On 26 November, Ardern met with Patel's family, the Sandringham Business Association and other community members. During a press conference at the Auckland Central Police Station, Ardern acknowledged the Police's investigation efforts and confirmed she had spoken with the owner of the Rose Cottage Superette. Ardern also confirmed that the Government was investigating ways to help small businesses including investing in fog cannons and other security measures.

On 28 November, Ardern and Hipkins announced that the Government would be launching a new retail crime package to combat retail crime including a fog cannon subsidy scheme; an NZ$4 million fund to support local councils' crime prevention programmes in Auckland, Hamilton and the Bay of Plenty; and expanding the existing NZ$6 million Retail Crime Prevention Fund eligibility to include aggravated robberies.

===Civil society responses===
On 25 November 2022, Dairy and Business Association chairperson Sunny Kaushal announced plans to hold a nationwide protest following Janak Patel's funeral. As part of the protest, thousands of dairies and small businesses will cease operations for a minimum of two hours. Kaushal also penned a guest column in The New Zealand Herald calling upon the Government to acknowledge that New Zealand was facing a "crime emergency" and for the introduction of self-defence laws allowing owners to defend their property with "acceptable force."

In response to Patel's death, Sandringham Business Association chair Jithin Chittibomma criticised the Government for ignoring the concerns of dairies and small business owners. He stated that "they [the Government] thought the perpetrators' rights were more important than the retailers."

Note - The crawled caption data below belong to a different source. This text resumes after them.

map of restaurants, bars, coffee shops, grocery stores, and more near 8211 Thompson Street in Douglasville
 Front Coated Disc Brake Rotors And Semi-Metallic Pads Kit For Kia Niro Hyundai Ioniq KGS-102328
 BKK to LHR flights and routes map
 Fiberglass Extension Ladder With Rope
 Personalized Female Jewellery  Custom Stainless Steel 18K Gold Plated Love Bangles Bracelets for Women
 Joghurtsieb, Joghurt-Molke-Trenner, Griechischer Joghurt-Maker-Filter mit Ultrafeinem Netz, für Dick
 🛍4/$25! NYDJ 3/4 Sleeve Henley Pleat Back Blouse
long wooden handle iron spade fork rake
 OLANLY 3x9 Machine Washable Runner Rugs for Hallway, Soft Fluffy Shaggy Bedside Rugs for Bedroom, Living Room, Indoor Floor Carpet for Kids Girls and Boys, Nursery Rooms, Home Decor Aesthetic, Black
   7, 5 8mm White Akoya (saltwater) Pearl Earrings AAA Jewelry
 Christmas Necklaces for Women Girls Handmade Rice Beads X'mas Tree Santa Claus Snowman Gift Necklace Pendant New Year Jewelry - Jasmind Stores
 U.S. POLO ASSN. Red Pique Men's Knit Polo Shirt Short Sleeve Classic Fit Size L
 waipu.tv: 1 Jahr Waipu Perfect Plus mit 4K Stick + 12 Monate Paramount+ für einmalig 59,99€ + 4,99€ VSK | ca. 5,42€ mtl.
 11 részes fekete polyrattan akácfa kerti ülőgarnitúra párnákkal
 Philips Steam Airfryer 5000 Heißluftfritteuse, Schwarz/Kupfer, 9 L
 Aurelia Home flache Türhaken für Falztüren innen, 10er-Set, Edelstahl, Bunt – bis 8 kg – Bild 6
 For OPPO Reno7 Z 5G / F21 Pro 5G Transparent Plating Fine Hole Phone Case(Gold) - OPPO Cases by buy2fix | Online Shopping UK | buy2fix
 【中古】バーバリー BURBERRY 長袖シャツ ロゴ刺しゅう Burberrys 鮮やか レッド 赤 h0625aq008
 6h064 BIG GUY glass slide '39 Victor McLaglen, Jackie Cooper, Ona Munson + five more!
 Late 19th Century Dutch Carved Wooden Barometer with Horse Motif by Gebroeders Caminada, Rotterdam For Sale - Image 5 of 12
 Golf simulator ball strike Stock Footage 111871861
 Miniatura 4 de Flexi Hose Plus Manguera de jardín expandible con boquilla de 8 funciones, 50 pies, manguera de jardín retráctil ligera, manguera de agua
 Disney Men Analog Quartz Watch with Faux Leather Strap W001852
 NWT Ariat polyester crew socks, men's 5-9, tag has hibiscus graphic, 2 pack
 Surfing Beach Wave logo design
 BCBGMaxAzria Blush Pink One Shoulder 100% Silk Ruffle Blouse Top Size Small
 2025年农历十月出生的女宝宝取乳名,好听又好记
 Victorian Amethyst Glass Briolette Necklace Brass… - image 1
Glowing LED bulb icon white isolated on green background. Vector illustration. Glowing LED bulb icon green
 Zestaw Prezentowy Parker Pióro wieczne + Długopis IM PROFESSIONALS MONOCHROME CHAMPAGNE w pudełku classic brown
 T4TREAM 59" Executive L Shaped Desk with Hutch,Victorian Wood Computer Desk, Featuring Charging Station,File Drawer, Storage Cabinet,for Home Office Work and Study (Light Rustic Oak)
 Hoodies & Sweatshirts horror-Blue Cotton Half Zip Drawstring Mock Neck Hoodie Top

On 26 November, the Migrant Workers Association organised a candlelit vigil outside the Rose Cottage Superette to pay respect to Patel. The Association's President Anu Kaloti called on the Government to take action but warned that "tough on crime" policies were doomed to fail. Unite Union organiser Joe Carolan also spoke at the vigil and called for a "culture of community" with no murder and greed. Members of the public laid flowers and tributes for Patel outside the dairy.

On 28 November, the Dairy and Business Owners Group staged a nationwide protest to honour Patel's memory, raise awareness of the plight of retailers, and protest perceived Government inaction against retail crime. 300 people attended a streetside vigil outside Ardern's electorate office in Mt Albert, which spilled into the nearby New North Road. Other vigils were also held across the country including a protest vigil outside Deputy Prime Minister Grant Robertson's Wellington Central electorate office.

By 3 December, a Givealittle page had raised NZ$91,000 for Patel's family. By 23 December, more than NZ$100,000 had been raised for Patel's family via the Dairy and Business Owners Group's Givealittle page.